I want to see what we can get without FSR quality wise vs with FSR for matching FPS.
I do understand that probably running FSR will have a performance penalty so running without FSR should be faster, but I'm curious on not only how FSR result compares with native but with its pre-FSR resolution.
Of course we can wait for the source code, which should be coming soon.
 
One potentially nice thing with AMD's solution besides the ability to support more games. Since it's not temporally based, it shouldn't introduce temporal artifacts. However, when combined with temporal rendering, it'll be interesting to see how it holds up.

The question is going to be, is it just good enough? Is it really good? Or is it like Quincunx and will introduce other annoyingly visible artifacts? (like Quincunx as in introducing very unpleasant artifacts, not in what it's doing :p)

Regards,
SB
 
interesting article. However, those people saying it cant compete with DLSS don't get that quality has zero to do with adoption

The closest example I can think of is FXAA and MLAA. A lot of developers included these “blurry AA” options in their games presumably because the AA benefits outweighed the loss in texture detail.
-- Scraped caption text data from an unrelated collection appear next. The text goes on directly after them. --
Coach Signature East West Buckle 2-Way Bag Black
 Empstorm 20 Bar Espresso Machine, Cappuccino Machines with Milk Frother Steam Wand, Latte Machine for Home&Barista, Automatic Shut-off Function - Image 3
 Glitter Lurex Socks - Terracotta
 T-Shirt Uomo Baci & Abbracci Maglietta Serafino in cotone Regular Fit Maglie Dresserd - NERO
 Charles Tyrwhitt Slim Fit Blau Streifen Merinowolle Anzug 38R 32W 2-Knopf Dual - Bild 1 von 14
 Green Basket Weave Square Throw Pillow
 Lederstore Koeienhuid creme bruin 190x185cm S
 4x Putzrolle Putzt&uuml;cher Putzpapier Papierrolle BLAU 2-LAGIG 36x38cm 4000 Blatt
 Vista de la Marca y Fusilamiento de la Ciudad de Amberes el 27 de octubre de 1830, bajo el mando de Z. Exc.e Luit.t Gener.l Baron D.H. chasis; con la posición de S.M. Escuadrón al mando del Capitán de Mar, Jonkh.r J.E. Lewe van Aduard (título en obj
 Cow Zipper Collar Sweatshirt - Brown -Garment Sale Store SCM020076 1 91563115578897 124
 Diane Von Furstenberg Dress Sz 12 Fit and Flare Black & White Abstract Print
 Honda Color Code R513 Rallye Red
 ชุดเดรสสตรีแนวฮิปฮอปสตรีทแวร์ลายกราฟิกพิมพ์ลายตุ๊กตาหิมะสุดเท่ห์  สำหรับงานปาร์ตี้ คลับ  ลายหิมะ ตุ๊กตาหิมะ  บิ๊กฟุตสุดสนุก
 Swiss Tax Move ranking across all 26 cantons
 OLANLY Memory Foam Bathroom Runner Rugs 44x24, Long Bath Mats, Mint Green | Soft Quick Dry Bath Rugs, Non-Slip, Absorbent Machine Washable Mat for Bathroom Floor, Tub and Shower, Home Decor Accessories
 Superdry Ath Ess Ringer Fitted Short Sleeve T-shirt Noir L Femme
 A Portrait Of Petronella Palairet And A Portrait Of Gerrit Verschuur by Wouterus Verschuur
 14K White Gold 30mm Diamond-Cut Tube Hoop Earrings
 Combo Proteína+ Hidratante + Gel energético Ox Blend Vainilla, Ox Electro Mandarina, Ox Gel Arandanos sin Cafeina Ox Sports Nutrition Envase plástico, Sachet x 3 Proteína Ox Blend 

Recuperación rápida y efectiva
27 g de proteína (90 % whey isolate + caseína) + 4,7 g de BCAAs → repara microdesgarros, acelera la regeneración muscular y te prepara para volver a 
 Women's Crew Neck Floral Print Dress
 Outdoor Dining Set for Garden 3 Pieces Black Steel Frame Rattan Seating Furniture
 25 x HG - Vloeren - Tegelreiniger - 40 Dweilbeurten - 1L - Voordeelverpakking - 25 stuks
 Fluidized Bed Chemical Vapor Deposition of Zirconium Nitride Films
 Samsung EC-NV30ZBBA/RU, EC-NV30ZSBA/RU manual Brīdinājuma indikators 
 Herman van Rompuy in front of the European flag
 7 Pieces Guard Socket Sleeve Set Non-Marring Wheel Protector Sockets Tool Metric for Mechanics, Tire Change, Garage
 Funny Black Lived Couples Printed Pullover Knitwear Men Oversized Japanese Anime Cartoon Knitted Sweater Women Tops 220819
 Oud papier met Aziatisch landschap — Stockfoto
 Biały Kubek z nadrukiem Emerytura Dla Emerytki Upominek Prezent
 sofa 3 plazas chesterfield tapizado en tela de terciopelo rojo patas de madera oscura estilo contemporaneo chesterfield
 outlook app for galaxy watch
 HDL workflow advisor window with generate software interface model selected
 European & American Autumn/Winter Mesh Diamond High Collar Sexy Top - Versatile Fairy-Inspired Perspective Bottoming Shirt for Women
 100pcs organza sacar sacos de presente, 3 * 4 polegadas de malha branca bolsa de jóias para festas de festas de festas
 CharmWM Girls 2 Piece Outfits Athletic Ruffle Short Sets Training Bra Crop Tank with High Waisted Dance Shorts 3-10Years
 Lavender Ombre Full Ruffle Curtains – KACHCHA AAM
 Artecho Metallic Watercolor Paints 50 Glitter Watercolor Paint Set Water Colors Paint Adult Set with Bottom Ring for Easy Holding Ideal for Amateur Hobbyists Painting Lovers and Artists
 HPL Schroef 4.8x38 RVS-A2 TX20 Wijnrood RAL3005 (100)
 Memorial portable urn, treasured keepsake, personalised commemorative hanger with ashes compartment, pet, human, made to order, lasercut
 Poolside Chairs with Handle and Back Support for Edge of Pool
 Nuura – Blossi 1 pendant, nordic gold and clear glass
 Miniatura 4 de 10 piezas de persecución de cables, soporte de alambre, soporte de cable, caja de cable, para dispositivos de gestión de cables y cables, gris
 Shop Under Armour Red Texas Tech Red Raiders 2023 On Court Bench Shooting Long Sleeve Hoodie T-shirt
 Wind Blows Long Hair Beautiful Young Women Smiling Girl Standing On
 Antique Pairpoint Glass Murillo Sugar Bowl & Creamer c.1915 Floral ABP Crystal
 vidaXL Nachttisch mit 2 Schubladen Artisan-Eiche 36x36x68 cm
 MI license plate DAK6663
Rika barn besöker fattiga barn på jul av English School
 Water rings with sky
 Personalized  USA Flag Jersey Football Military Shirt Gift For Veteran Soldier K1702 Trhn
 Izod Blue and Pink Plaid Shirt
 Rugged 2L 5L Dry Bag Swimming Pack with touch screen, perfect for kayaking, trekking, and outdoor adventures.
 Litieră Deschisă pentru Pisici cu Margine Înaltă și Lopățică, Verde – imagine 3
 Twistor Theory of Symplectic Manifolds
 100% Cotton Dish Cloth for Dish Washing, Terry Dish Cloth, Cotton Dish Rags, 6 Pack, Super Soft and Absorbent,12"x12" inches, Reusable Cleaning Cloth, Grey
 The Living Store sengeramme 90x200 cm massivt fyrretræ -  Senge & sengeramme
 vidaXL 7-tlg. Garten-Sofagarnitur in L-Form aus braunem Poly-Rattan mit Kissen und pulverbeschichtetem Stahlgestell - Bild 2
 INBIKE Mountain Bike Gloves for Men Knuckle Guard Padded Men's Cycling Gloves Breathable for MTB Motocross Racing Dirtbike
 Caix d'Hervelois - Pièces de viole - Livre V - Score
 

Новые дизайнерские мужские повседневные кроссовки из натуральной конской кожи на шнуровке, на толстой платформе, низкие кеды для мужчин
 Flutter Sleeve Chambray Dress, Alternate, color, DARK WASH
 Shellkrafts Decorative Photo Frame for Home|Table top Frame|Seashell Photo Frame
A similar calculation could be made for FSR given the significant performance benefits. Hopefully the availability of FSR will encourage developers to include more expensive/advanced rendering techniques in their games and raise the bar across the board.
 
The closest example I can think of is FXAA and MLAA. A lot of developers included these “blurry AA” options in their games presumably because the AA benefits outweighed the loss in texture detail.
Back then the choice was between no AA and these two so it was easy to justify. With FSR the choices are quite a bit more complex.
A simple example of recent days: will UE5 integrate FSR? Or do they consider their TSR enough/better at the same job?
 
FSR vs CAS would be interesting imo. It's not the same thing but the goal is the same, less pixel to render, more fps
CAS was applied on top of in-game spatial upscaling and FSR is AMD's spatial upscaling.
I guess they will continue using CAS on top of FSR, so the delta between the two will depend on how much AMD's spatial upscaling is better in comparison with in-game spatial upscaling (I am expecting just sharper geometry edges with better high res appearance).
 
Well, just like the RT, its something.

AMDs DXR implementation is functionally complete and as far as I’m aware it matches Nvidia for quality. The only difference is performance.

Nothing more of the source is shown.